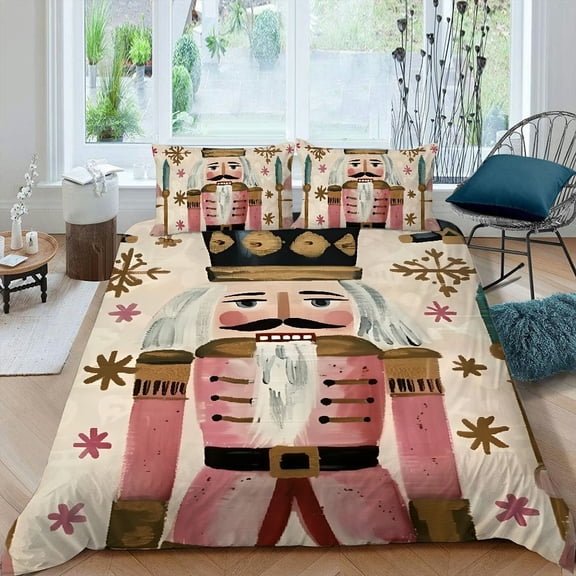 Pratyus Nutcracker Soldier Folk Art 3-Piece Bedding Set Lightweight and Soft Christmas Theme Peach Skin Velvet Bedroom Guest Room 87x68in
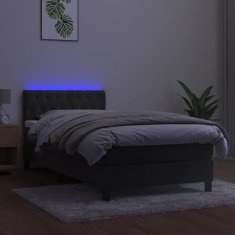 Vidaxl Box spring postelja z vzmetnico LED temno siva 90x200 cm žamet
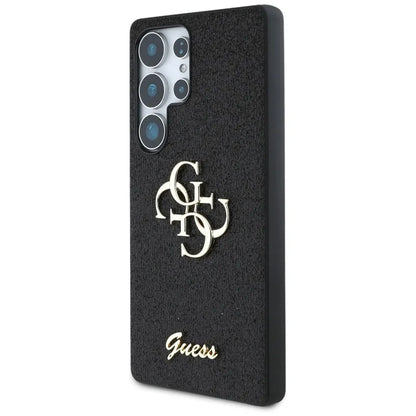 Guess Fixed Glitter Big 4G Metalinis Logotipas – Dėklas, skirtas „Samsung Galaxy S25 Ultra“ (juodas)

---

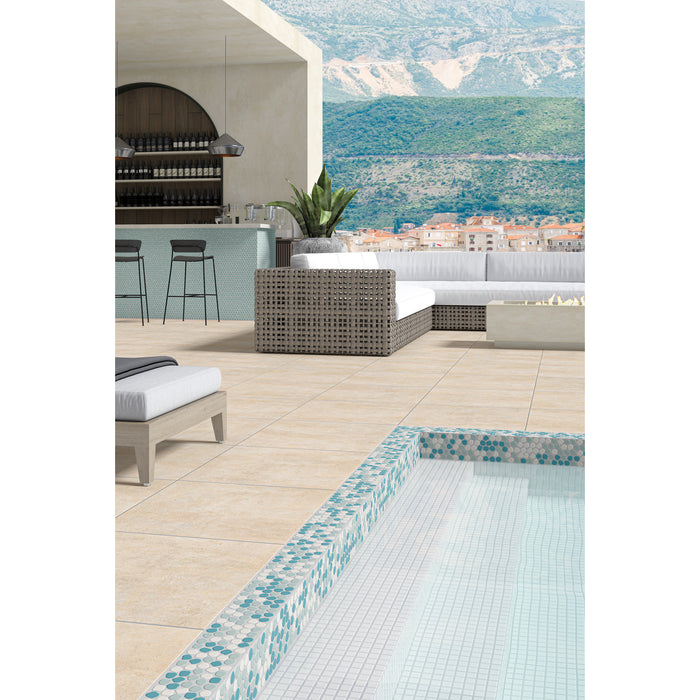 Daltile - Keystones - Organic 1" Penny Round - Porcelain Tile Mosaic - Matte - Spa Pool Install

* * *

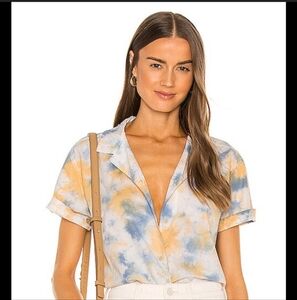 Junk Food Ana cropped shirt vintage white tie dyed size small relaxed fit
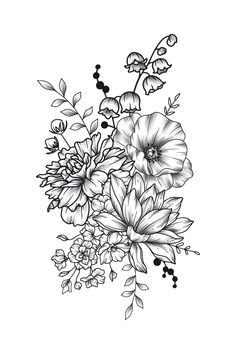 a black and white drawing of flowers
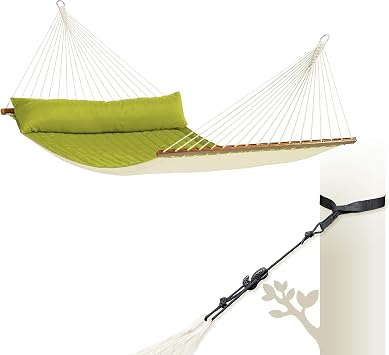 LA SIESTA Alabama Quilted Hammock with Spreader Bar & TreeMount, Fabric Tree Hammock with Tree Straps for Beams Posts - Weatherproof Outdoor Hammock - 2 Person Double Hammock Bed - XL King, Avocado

__WHAT IS EXPECTED__. Copy everything above from the line holding "Pratyus Nutcracker Soldier" down to the line holding "Guess Fixed Glitter", both ends included, exactly as it stands and without the pictures.

__WRITTEN SOLUTION__.
 Pratyus Nutcracker Soldier Folk Art 3-Piece Bedding Set Lightweight and Soft Christmas Theme Peach Skin Velvet Bedroom Guest Room 87x68in
 Vidaxl Box spring postelja z vzmetnico LED temno siva 90x200 cm žamet
 Guess Fixed Glitter Big 4G Metalinis Logotipas – Dėklas, skirtas „Samsung Galaxy S25 Ultra“ (juodas)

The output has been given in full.